Thanks to improved methods, it is now possible to achieve high survival (80–90%) and fertilization rates (60–70%) that increase the likelihood of pregnancy. The decisive factor for a successful treatment is above all the age of the woman at the time of collection. The younger it is, the less damage the egg cells show.

When the companies Facebook and Apple announced in October 2014 that they would cover the costs of social freezing for their employees , the term became a catchphrase of great media reception and (work) ethical controversy .

ova

A girl is born with 1–2 million egg cells, of which around 400,000 are left at puberty . A woman loses around 1,000 egg cells every month. The number is therefore reduced by 12,000 from year to year. At the same time, the quality of the egg cells decreases with age. This makes conception more difficult and increases the likelihood of a miscarriage or a mentally or physically impaired child. The fertility of a woman begins to decline with mid 20th A drastic drop can be observed from mid-30s. If you are over 40, the chance of getting pregnant within one cycle is less than 5%.

method

Although the first report of a successful pregnancy after cryopreservation of unfertilized egg cells appeared as early as 1986, for more than 25 years it remained a major challenge in reproductive biology to establish a process for preservation that would achieve survival rates above 50% and more than 1– 2% produced successful pregnancies.

The “slow freezing” method has been used since the 1970s and is a time-consuming process as the freezing speed is only around 3 K / min. The survival rates after thawing the egg cells are accordingly not particularly high. For some years now another method has been used, so-called vitrification . Extremely high freezing speeds of up to over 10,000 K / min are achieved.

The cell material is immersed in liquid nitrogen , which has a temperature of minus 196 ° C. The egg cell is transformed into a glass-like (amorphous) state without crystals being able to form. This halts all physical processes and the cell can be safely stored for decades. The main disadvantage of vitrification is that higher concentrations of anti-freeze agents, some of which are toxic for the cells, such as dimethyl sulfoxide (DMSO), have to be used.

In October 2012, the American Society for Reproductive Medicine announced that egg cryopreservation is no longer considered an experimental process.

treatment

The process of social freezing essentially corresponds to the first phase of fertility treatment. A hormone treatment is carried out to stimulate the ovaries, with the growth of the follicles being monitored by means of an ultrasound examination . The egg cells are then removed in what is usually a short procedure.

To do this, the ovaries are punctured with a needle through the vagina and the egg cells are suctioned off. These are examined for their quality and then vitrified. The side effects of hormone treatment, including nausea, mood swings, and weight gain, are relatively minor. Occasionally (<1% of all cases) hormonal overstimulation (OHHS) can occur.

success

The success of egg screening mainly depends on the age of the woman at the time of collection: by the age of 30, every second to third egg cell is capable of fertilization, while in a 40-year-old it is only every fifth to sixth. The rate of live births therefore also steadily decreases with increasing age of the woman, regardless of the freezing method.

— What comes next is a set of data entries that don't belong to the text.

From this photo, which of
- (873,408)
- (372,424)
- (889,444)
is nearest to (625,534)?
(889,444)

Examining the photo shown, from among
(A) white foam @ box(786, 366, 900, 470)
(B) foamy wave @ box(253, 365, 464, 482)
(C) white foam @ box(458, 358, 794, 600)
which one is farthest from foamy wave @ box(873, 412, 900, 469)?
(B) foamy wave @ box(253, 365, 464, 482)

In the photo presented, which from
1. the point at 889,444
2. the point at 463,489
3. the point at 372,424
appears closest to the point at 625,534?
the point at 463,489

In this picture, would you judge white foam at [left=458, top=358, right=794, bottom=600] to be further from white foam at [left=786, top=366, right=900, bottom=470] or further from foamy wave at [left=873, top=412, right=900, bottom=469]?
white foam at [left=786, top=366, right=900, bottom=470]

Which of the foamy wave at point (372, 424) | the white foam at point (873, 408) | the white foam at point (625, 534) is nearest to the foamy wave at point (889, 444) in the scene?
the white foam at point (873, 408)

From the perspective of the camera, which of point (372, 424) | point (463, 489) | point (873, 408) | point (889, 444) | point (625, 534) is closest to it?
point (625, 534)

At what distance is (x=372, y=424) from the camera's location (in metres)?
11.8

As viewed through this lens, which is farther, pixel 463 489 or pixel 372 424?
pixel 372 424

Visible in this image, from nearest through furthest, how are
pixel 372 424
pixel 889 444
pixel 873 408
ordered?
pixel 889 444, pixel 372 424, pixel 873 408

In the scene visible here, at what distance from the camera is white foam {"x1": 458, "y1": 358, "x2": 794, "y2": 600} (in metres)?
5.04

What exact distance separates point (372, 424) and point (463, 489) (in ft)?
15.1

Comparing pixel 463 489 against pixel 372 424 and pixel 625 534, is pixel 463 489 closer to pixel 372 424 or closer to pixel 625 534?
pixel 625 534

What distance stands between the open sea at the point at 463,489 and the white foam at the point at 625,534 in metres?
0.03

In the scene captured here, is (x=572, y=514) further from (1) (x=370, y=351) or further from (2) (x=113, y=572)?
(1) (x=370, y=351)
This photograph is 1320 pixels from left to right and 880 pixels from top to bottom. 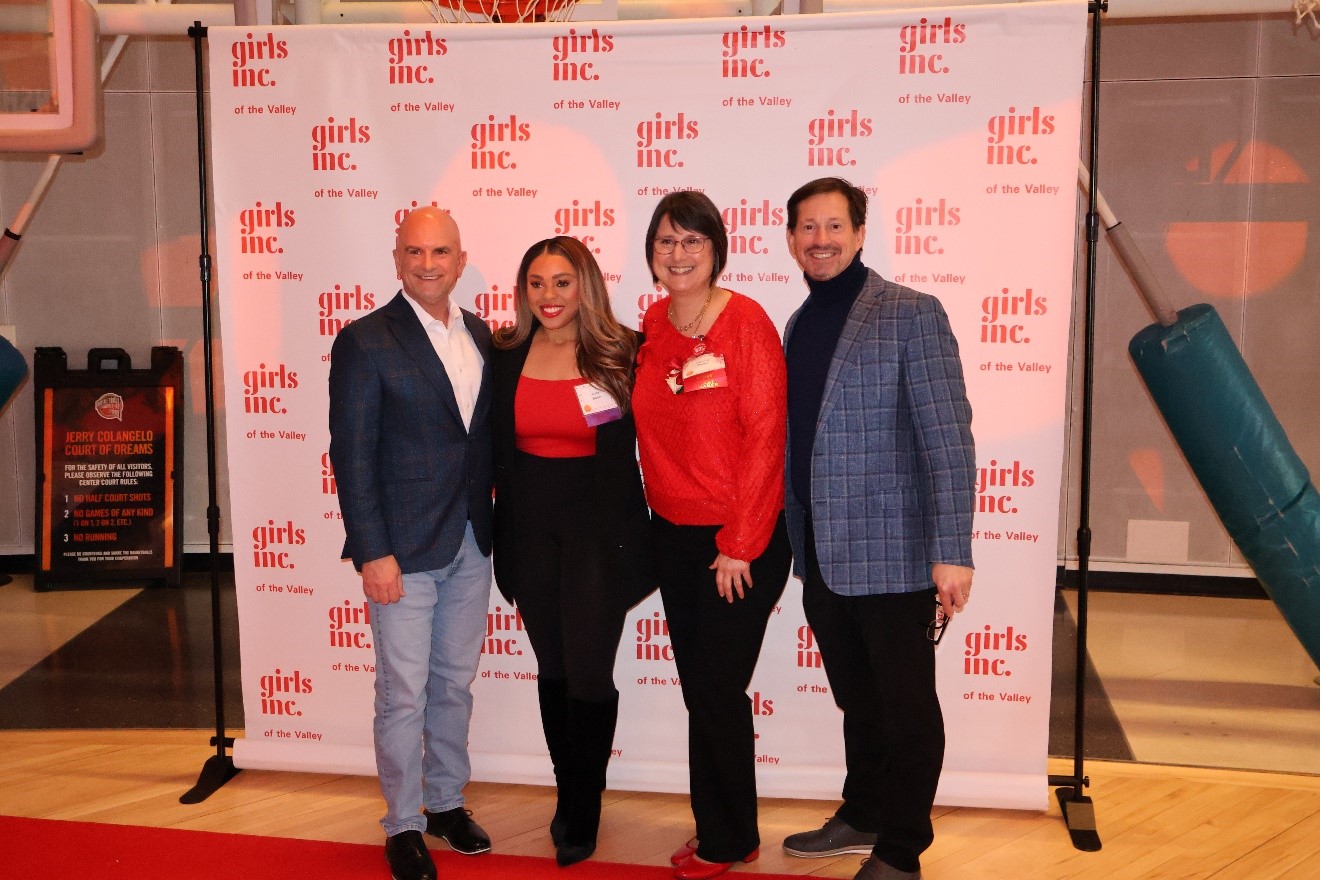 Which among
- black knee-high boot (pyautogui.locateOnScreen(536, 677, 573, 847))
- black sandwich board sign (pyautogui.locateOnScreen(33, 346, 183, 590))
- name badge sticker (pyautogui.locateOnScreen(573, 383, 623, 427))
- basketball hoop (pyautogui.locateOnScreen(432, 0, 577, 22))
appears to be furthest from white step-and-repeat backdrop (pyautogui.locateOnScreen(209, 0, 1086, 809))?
black sandwich board sign (pyautogui.locateOnScreen(33, 346, 183, 590))

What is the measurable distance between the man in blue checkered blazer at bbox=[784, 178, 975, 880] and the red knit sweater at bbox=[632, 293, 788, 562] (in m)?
0.10

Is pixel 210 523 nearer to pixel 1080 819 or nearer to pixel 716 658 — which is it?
pixel 716 658

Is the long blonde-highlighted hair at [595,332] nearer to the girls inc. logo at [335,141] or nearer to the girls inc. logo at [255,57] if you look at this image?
the girls inc. logo at [335,141]

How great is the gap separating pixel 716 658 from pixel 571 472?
1.76 feet

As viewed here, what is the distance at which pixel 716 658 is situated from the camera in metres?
2.43

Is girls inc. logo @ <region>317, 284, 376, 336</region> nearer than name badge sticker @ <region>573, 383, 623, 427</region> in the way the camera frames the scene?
No

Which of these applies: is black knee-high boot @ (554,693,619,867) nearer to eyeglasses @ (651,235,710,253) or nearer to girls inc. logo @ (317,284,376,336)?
eyeglasses @ (651,235,710,253)

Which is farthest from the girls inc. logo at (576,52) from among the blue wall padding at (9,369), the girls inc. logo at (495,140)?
the blue wall padding at (9,369)

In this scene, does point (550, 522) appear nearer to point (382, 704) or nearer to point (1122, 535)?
point (382, 704)

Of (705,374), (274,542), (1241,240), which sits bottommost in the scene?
(274,542)

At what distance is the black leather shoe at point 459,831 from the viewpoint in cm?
278

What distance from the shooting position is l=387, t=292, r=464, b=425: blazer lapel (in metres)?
2.51

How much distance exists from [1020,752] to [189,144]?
4.59m

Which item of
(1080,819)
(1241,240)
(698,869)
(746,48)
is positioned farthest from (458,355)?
(1241,240) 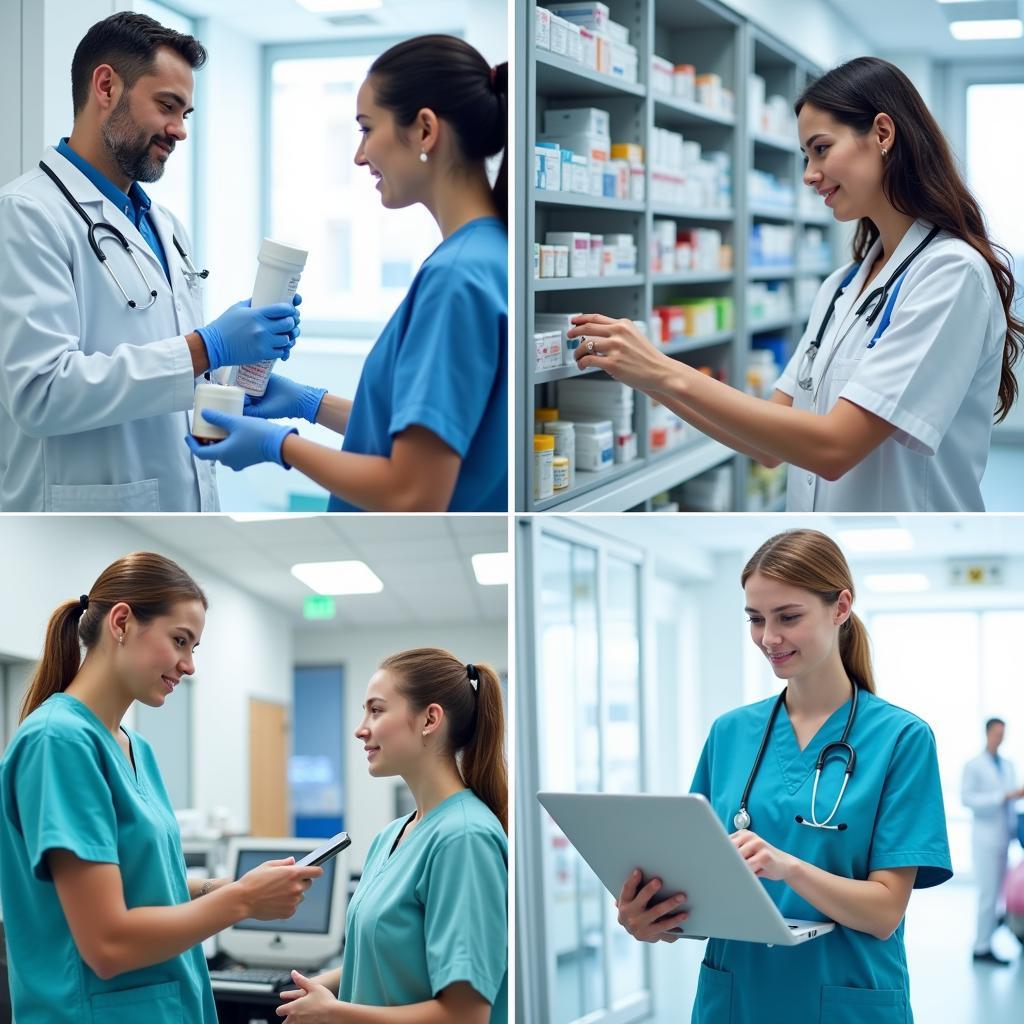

Since the egg cells have been vitrified, the results are encouraging. The birth rate of preserved and fresh egg cells with subsequent in vitro fertilization is comparable. According to a study of over 900 children, babies born from cryopreserved egg cells do not have increased birth defects or intellectual disabilities compared to those born naturally. Researchers have also shown that vitrification has no clinically relevant impact on pre-natal and pre-natal problems such as diabetes or high blood pressure during pregnancy . The birth weight, mortality rate or gestational age are also unchanged compared to fresh egg cells.

costs

To get the recommended number of 10 to 15 eggs, some women have to expect several treatment cycles. The costs per cycle are currently quoted as 3,000 to 4,000 euros per egg collection including all necessary medication if the treatment is carried out in German IVF centers. There are also costs for storage. Since 2015, a private cryobank has been offering a complete package for the first time , which includes the storage of the egg cells.

If a woman uses her preserved egg cells, the cost of artificial insemination must be added.

history

Egg freezing was originally thought to be a way for young women with cancer to have a genetically own child after chemotherapy. If irradiation of the ovaries and uterus cannot be avoided, it can lead to infertility . Even if pregnancy occurs, women after radiation therapy have a higher risk of miscarriages and premature births because the genetic material has been damaged and the tissue of the uterus loses elasticity and has poorer blood circulation. Therefore, if there is enough time, women can have their eggs removed and frozen before the irradiation.

In 1997 the first baby was born from a cryopreserved egg. In total, an estimated 5,000 children have been born through social freezing so far. In Germany there were around 750 egg freezing procedures for non-medical reasons in 2014.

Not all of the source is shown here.